ANNEX I. Qualification Criteria

This annex provides the key considerations for assessing qualification for financing under the FCL, with a view to promoting predictable and evenhanded assessments. The qualification criteria for the FCL were designed using as a starting point those already established by the Executive Board for the Short-Term Liquidity Facility, as well as the qualification criteria discussed by the Board in the context of the Reserve Augmentation Line.10

The core of the qualification framework for the FCL is an assessment that the members’ economic fundamentals, institutional policy framework, and policies are very strong. These, together with a sustained track record of very strong policy implementation, would give markets and the Fund confidence that the member would take appropriate corrective policy measures when facing an adverse shock, consistent with addressing the BoP problems it may be facing and with repaying the Fund. As FCL resources can be used for any BoP problem and an FCL arrangement can be approved in the face of an actual or potential financing need, qualification for the FCL would not preclude circumstances where the member would need or plan to undertake policy adjustments.

Any assessment of qualification involves a degree of judgment. The assessment of the qualification criteria, noted below, will need to take into account the great variety of the member’s circumstances and the uncertainties that attend economic projections. Strong performance against all relevant criteria noted below would not be necessary to secure qualification under the FCL. However, significant shortcomings on one or more of these criteria—unless there are compensating factors, including corrective policy measures underway—could generally signal that the member is not among the strong performers for whom the FCL is intended.

Qualification criteria

To qualify for the FCL, the member must have very strong economic fundamentals and institutional policy frameworks, a sustained track record of implementing very strong policies and of adjusting to shocks, and must remain committed to implementing very strong policies in the future (FCL decision, paragraph 2). Member’s policies must have been assessed very positively by the Executive Board in the context of the most recent Article IV consultation. Staff would rely primarily on the following criteria and set of relevant indicators that evidence the strength of the member’s underlying fundamentals and economic policies (Table 1).

  • A sustainable external position. Relevant indicators include: the debt-stabilizing noninterest current account balance; the level and composition of external debt; the level of net international reserves and the level and composition of private sector external assets; and assessments of exchange rate misalignment. The internal consistency between the member’s currency regime and the fiscal-monetary policy mix will also need to be assessed.
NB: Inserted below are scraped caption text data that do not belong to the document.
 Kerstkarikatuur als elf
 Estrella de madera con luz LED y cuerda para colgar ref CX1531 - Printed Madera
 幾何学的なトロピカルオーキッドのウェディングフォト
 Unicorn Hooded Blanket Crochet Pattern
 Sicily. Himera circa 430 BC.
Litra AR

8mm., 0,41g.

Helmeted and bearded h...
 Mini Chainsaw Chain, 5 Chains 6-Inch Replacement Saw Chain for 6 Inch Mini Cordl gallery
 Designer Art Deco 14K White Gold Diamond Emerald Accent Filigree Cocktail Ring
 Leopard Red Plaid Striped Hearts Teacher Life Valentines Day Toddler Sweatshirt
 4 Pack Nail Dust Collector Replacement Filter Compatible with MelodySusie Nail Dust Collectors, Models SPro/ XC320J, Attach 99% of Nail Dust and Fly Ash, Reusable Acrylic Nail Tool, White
  • A capital account position dominated by private flows. Relevant indicators to assess that capital flows are originating mostly from the private sector (to both public and private sectors domestically) include an assessment of the International Investment Position and the composition of recent capital flows.
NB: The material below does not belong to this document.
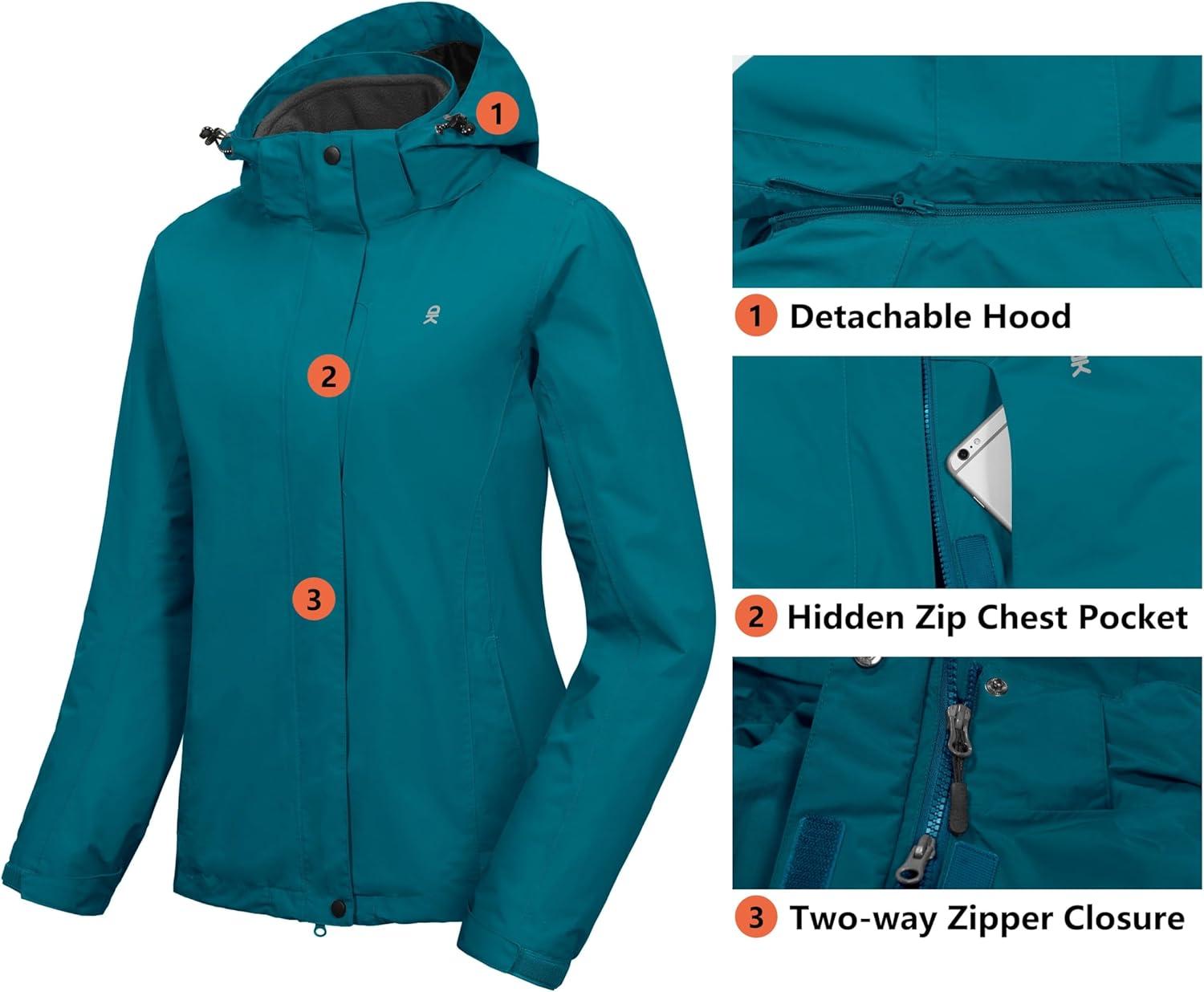 imageLittle Donkey Andy Womens 3 in 1 Winter Ski Jacket Warm Fleece Liner Jacket Waterproof Windproof Snow Coat amp Detachable HoodGreen Blue
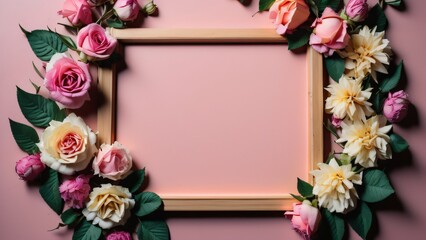 Generative AI wooden frame surrounded by garden flowers on pastel background, framework for invitation or congratulation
  • A track record of steady sovereign access to capital markets at favorable terms. Relevant indicators include a comparison of spreads with comparator countries and relative performance of spreads during periods of global shocks.

  • When the arrangement is requested on a precautionary basis, a reserve position which— notwithstanding potential BoP pressures that justify Fund assistance—remains relatively comfortable. Assessment of reserve levels would take into account a number of metrics (imports, short-term debt, monetary base) as relevant given the member’s exchange rate regime.
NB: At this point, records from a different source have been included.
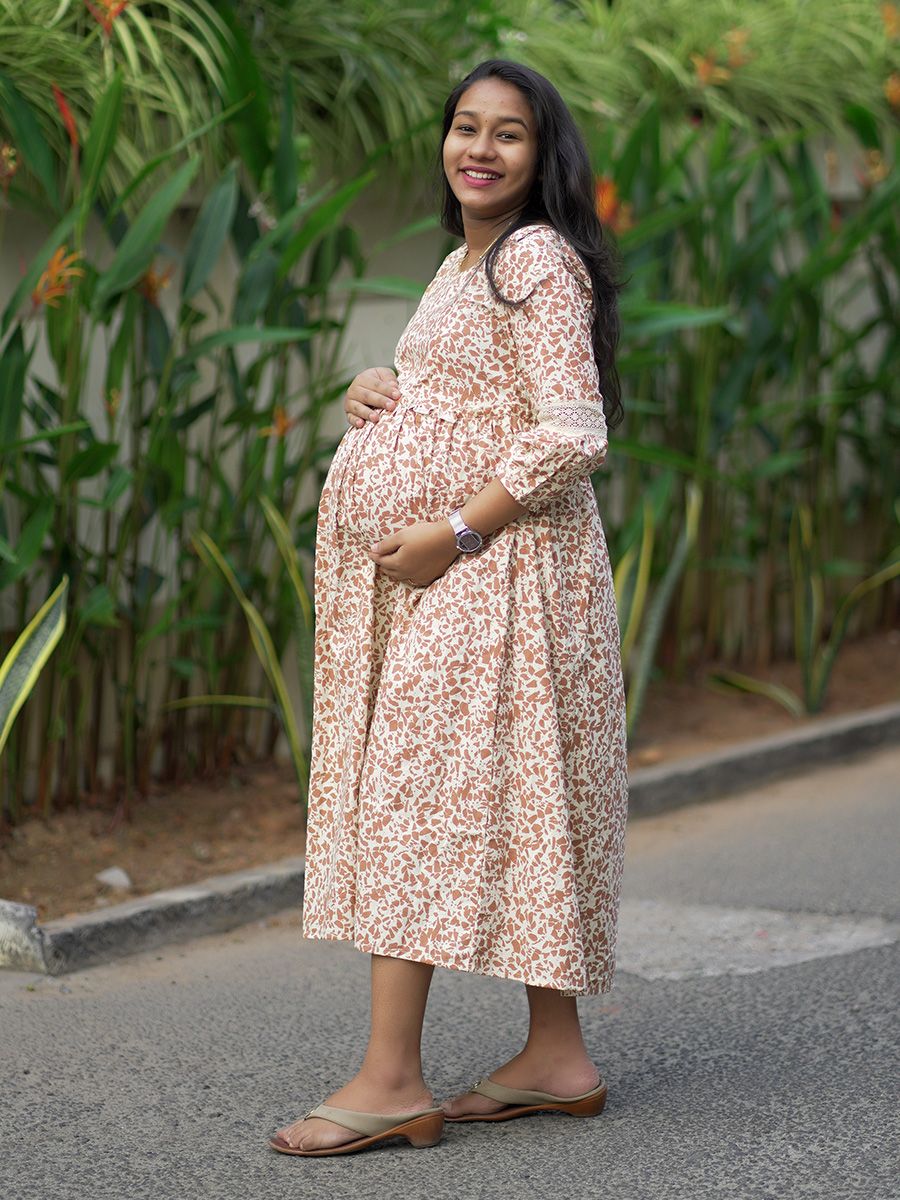 Maternity Organic Short Dress- Rive Brown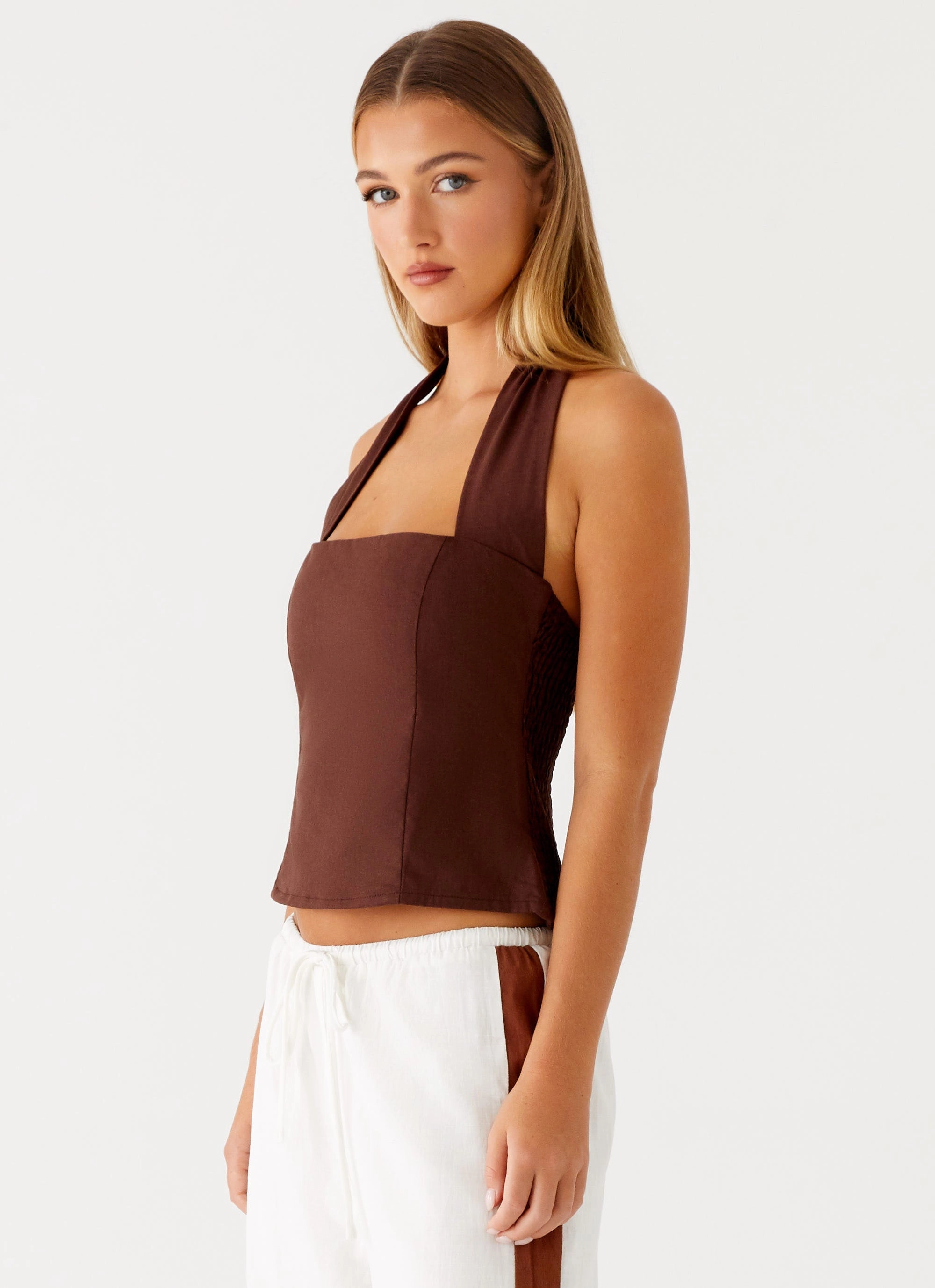 Sunflare Linen Halter Top - Chocolate Casual Long Sleeve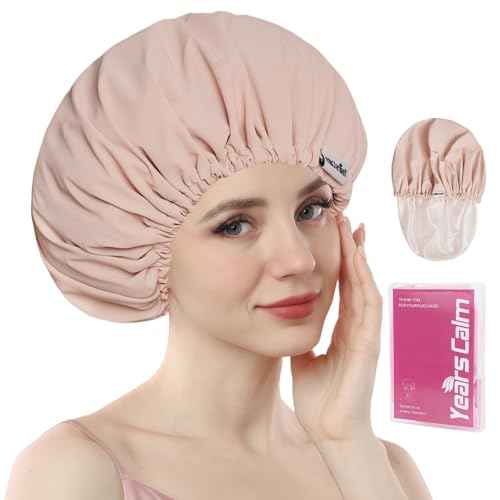 Years calm Shower Cap Reusable Waterproof, Double-Layer Hair Cap for Women, with Elastic Band, Ideal for Shower, Spa, Travel & Cleaning (Light pink, One Size)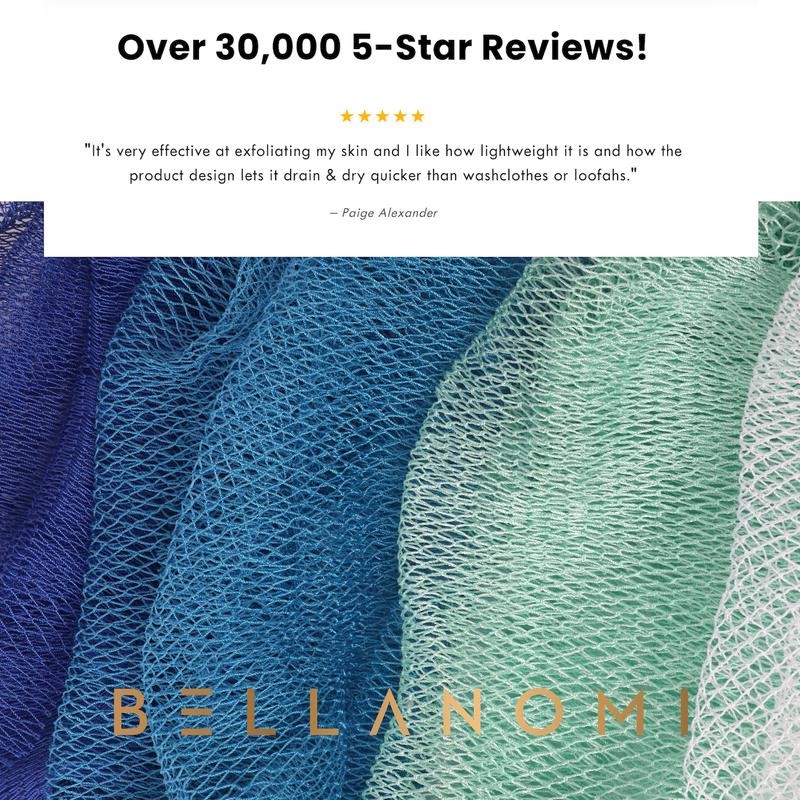 4 Piece African Exfoliating Net Sponge Bundle, Ethically Sourced from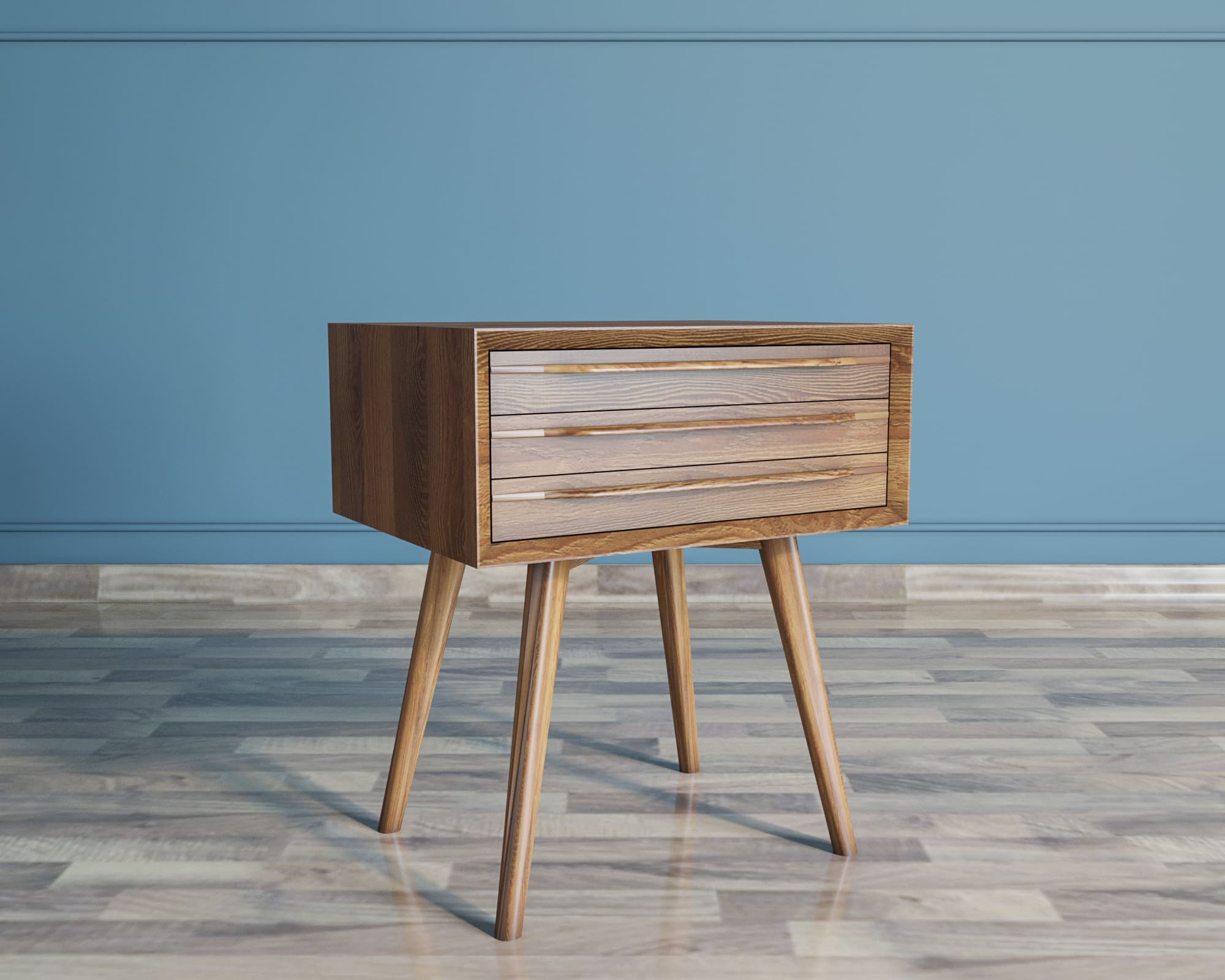 фото Тумба для прихожей в Скандинавском стиле "Bruni" с тремя ящиками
  • Sound public finances, including a sustainable public debt position, determined by a rigorous and systematic debt sustainability analysis. The analysis would cover the evolution of debt of the nonfinancial public sector, as well as rollover and financing requirements under alternative scenarios (including an assessment of contingent liabilities, where appropriate) and stress tests. Relevant indicators may include the recent evolution of fiscal balances in relation to the economy’s cyclical position; the quality of any adjustment measures being considered; an assessment of medium-term plans anchoring fiscal policy outcomes; and an overall sound institutional budgetary framework as informed by recent fiscal ROSCs, where available.

  • Low and stable inflation, in the context of a sound monetary and exchange rate policy framework. Relevant indicators would include the recent evolution of core and headline inflation and inflation expectations; past and announced policy responses to inflationary shocks; the adequacy of monetary policy instruments to conduct monetary policy; and accountability, transparency, and communication regarding policy objectives and policy responses.

  • Absence of bank solvency problems that pose an imminent threat of a systemic banking crisis. A range of indicators and available information may be combined to assess this criterion, such as the evolution of deposits, measures of profitability, asset quality, and capital adequacy; and, where available, analyses of market, credit, and liquidity risks facing banks based on recent FSAPs or other sources.

  • Effective financial sector supervision. Relevant modalities to establish observance with this criterion would be provided by an assessment of the supervisory framework and of the legal and institutional framework, as well as the operational capacity, to respond promptly if bank interventions and resolution is warranted and if emergency liquidity assistance is needed.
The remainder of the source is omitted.